Missed-fire detection & alert sink
id: ACTIVITY-WP-0014-T03
status: todo
priority: medium
state_hub_task_id: "dbedd96a-59ca-4b83-bce6-35755b076807"
Detect when a scheduled definition has no successful run within its expected
interval + tolerance, and emit a signal (State Hub progress event and/or
agent-inbox message) so a miss is visible even under skip. This is the
observability the current silent-drop behaviour lacks — a miss should never again
be invisible.
Apply policy to runtime definitions & document
id: ACTIVITY-WP-0014-T04
status: wait
priority: medium
state_hub_task_id: "04e9d1d2-1192-4402-9402-b12c5d7d44e5"

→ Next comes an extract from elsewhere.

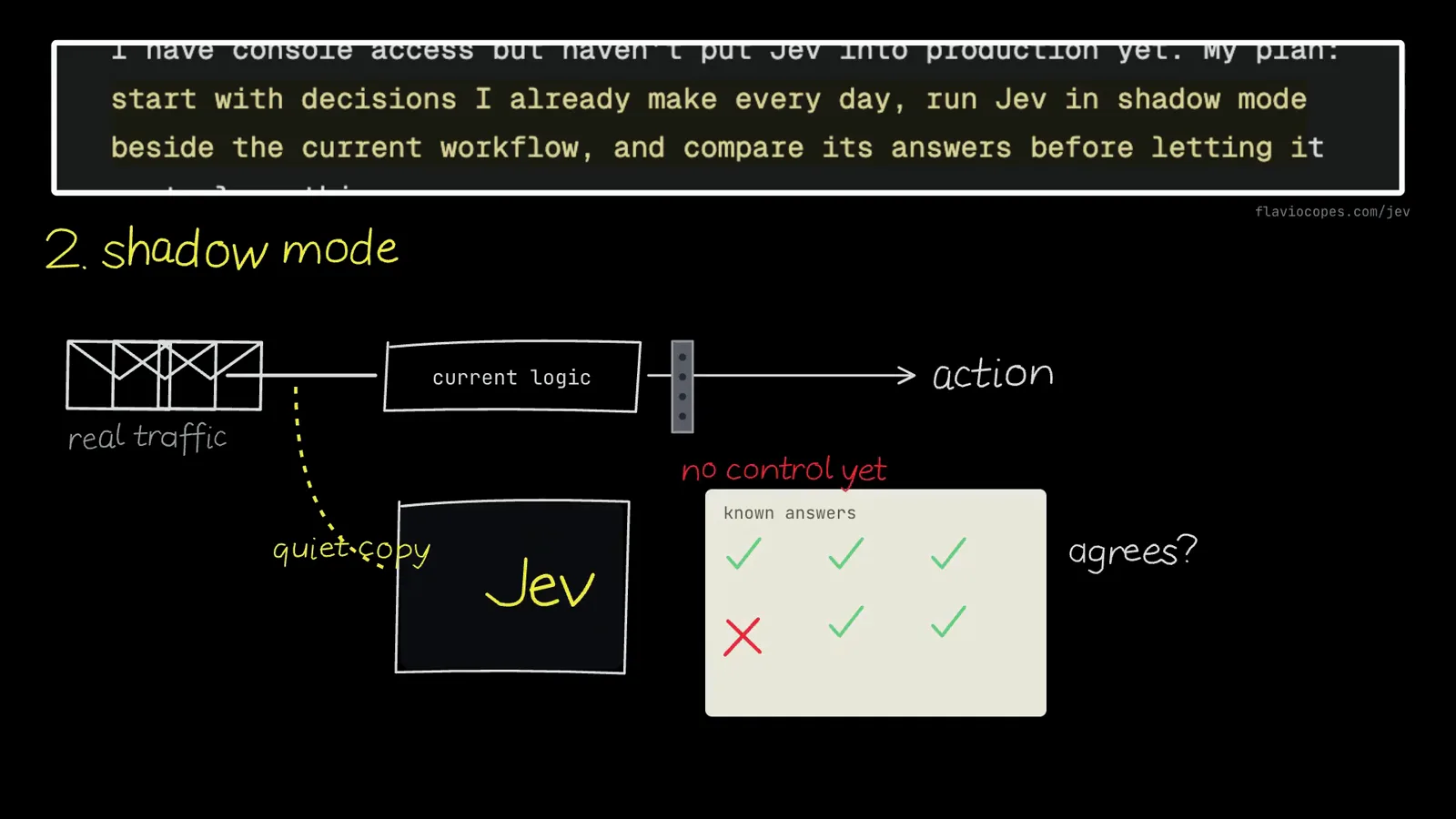 Real traffic keeps flowing through current logic to action while a quiet copy runs Jev in parallel, and a known-answers card tracks checks and crosses to show how often the two answers agree.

Choose and set the appropriate misfire_policy for daily-statehub-wsjf-triage
(likely catchup_latest — one missed daily run should still run, but a
multi-day outage should not flood the triage feed). Update the Railiance runtime
ConfigMap / bundle, redeploy, and document the run-miss options + per-definition
guidance in docs/runbook.md. Depends on T01 (confirm) and T02 (modes exist).